Что «степь» как таковая и чеховская «Степь» — вещи разные, должно быть так же понятно, как и то, что в повествовании, когда оно создавалось, двигались не обоз, не бричка по тракту, не коршуны над головой, а перо по бумаге, заполняемой тонким чеховским почерком. Чтобы написать о зарнице: «темнота мигнула веками», нужно быть художником и поэтом; ведь и Егорушке ясно, что у темноты нет век...
Тот, кто вырос или хотя бы бывал в донских приазовских степях, кто видел их в июльские знойные дни, когда ветер пересыпает на проселках холмики пыли, похожей на черную пудру, и нигде ни кустика, ни цветка, ни единой зеленой травинки, тот знает, как безотрадна и непривлекательна в разгаре лета настоящая — «дочеховская» — степь. В повести вообще очень мало этнографии; ее поэтическая содержательность, жалоба ее трав, одиночество тополя, ее зарницы, грозы, дороги и великаны — из глубины времен, из вечных истоков литературы, из сказок, легенд и мифов. В этом смысле можно сказать, что Чехов создал и саму степь: столь одушевленной, таинственной и прекрасной она была, может быть, только в полузабытых памятниках нашей словесности, дошедших до нас из незапамятных времен.
Да Чехов и писал свою повесть в надежде, что она напомнит читателю нечто важное, о чем не следует забывать.

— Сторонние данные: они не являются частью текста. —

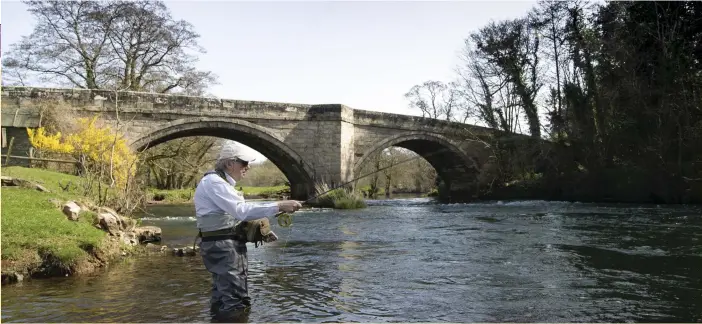  ?? ROD KIRKPATRIC­K/ F STOP PRESS ?? On the opening day of the trout season fly fisherman Doug Mason, 76, casts his line into the river Dover under Norbury bridge on the Derbyshire, Staffordsh­ire border. The main UK brown trout fly fishing season runs from late March through to early October. There are local variations, with this section of the Dove being yesterday.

Старшему из братьев Чеховых, Александру, мысль о «местном колорите» и в голову не приходила, хотя он, как и Антон, вырос в степи. Собираясь купить себе клочок земли, он писал: «Можно бы и под Таганрогом, но уж очень там безрадостно и голо. «Степь» хороша в твоей книге, но отвратительна под этим градом, нас с тобой вскормившим» (25 ноября 1903 г.).
Сам Чехов в детстве видывал и степь, и степные имения, и дорогу, и корчму Мойсея Мойсеича, но вот с обозом не ездил и великанов в грозовую ночь не встречал...
Д.С. Лихачев проницательно заметил, что для русских понятие «свобода» неразлучно с представлением о пространстве: воля — это свобода, соединенная с пространством. Нужно ли добавлять, что пространство в нашем сознании может быть только древним: «новых» степей, пространств-новостроек не то чтобы не бывает на свете, но они называются по-иному — пустыри.
Далекая, но по-своему важная и поучительная литературная ассоциация: Федя Протасов, слушая цыган, восклицает в «Живом трупе»: «Это степь, это десятый век, это не свобода, а воля...»
Примечания
1. Hingley R. A new life of Anton Chekhow. N.Y., 1976. P. 94, 97.
2. Толстой Л.Н. Полн. собр. соч. М., 1953. Т. 53. С. 283.